The second event which has had me ruminating on the idea of vulnerability took place at the Downtown Farmer’s Market on Saturday. While meandering around Green Square Park, we happened upon a demonstration of belly dancing by a local troupe. The group consisted of seven women ranging in age from (I’m guessing) late teens to 60ish. They were not all equally sure of the specific steps in each dance, and on one occasion all but the troupe leader turned the wrong direction and a chorus of self-deprecating sounds came from six embarrassed mouths.

Each dancer was in full garb and make-up. The costumes, as dictated by tradition, bared the dancers’ midriffs. These were midwestern women in the middle of their lives. They all had bellies. My friends and I commented to one another that it took courage to dress that way in front of so many strangers. I heard more than one person suggest that it didn’t do much to forward belly dancing’s claim of whittling the midsection. And while I heard no comments more cruel than that, had I been one of the dancers I would have been sure they were being made at my expense – whispered behind hands or in private, judgmental thoughts.

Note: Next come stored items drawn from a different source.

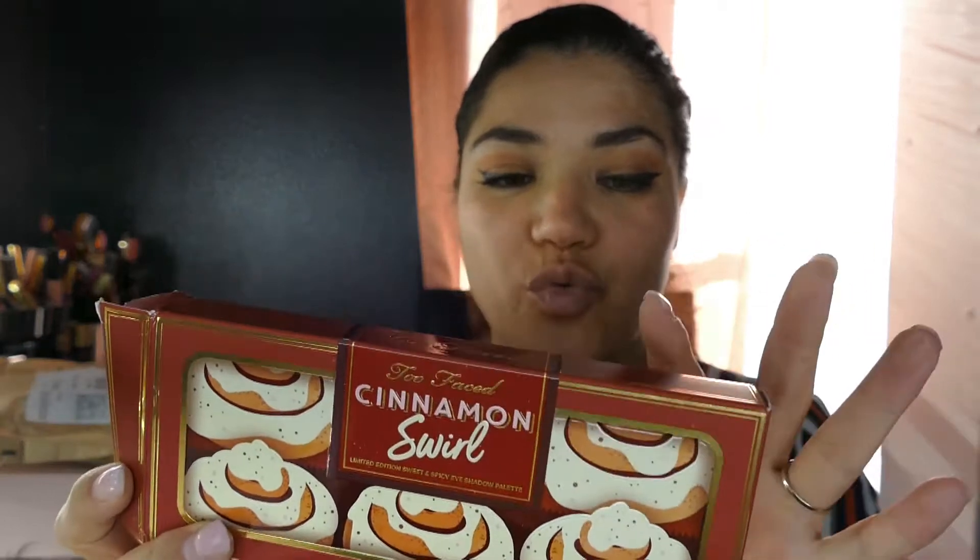I only picked up a few things. I picked up the Cinnamon Swirl, but what sucks is one of the eyeshadows in it is broken. So they're sending me a replacement. I did contact them right away.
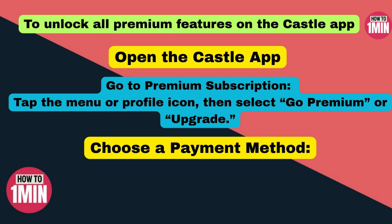Then look for 'Go Premium' or 'Upgrade' and tap it. Here you will see different subscription options like monthly, yearly, or even lifetime plans. Step three: choose your plan and pick a payment method.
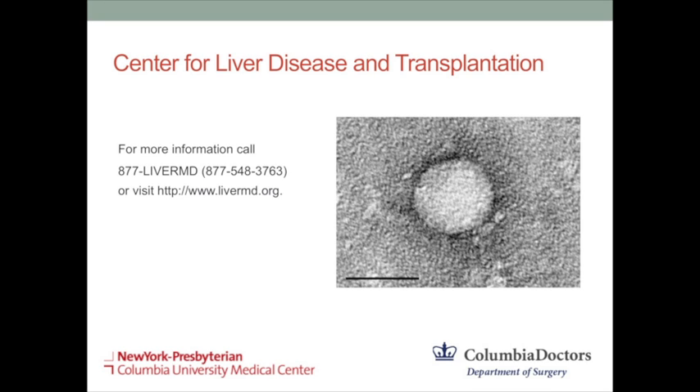Thank you very much, Dr. Brown. That was a great, very informative presentation. We have a couple of questions submitted via email and some from the GoToWebinar panel, so I'll go back and forth between the two.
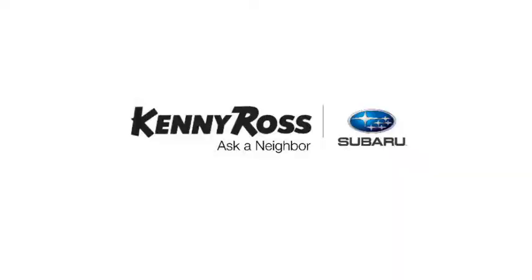That's the thing — if you promise something, you deliver what you promise. Kenny Ross Subaru, home of the 30-day price promise.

In spite of their initial self-consciousness, the women kept dancing. And as they danced, their comfort level increased. So did their enjoyment of the experience, easily evidenced by the expressions on their faces and the loss of timidity in their moves.

That is the gift hidden in the choice to expose our vulnerabilities: the experience of openness.

Some of us will risk vulnerability only in small amounts under tightly controlled conditions – with a loved one, for example. Like a cat, we make an assessment of the other’s trustworthiness, and only when we feel reasonably sure that we’ll be petted and cosseted, do we expose our soft core. This is understandable – we’ve all experienced being hurt at vulnerable moments. Sometimes this kind of risk takes great courage, either because of the depth of past hurts in general or because we haven’t learned yet if this particular person is worthy of our trust.

Stepping into a public arena with our soft bellies exposed is risk on a completely different level. In those moments, it is as if we are saying to the world, “Bring it on! Because the joy of sharing my passion, my art, my suffering – the joy of being authentically and wholly who I am – is greater than the possible exposure to hurt or ridicule.” Artists, musicians and writers know this. So do activists and athletes – anyone, for that matter, who dares to share a piece of themselves with the world. As Gregg Levoy says, “We move toward a kind of divine presence because, through our passions, we are utterly present. We are utterly charged and focused. We are oblivious, we forget ourselves, our troubles, our day-to-day…lives.” (from Callings: Finding and Following an Authentic Life). As we become more present, we experience less discomfort with our vulnerability – it isn’t that it goes away, it’s just less central to the experience than the exhilaration of openness.

It seems fitting to end with some photos of the dancers. I hope you can see, as I do, their progression from hesitancy, in the first shot,  to enjoyment!

50 about 50: Books

“This is the way
you have spoken to me, the way – startled –
I find I have heard you. When I need
it, a book or a slip of paper
appears in my hand…
 
…Your spirits relax, —
now she is looking, you say to each
other, now she begins to see.                                                             
 
 –Denise Levertov

Reading has been one of the great pleasures of my life – also, one of the most important means for personal growth. The simple truth is, I am who I am today partly because of the books I’ve read. In how they’ve touched me at the right moment, how I’ve been open to them when I needed to learn something, books have enriched my life immeasurably.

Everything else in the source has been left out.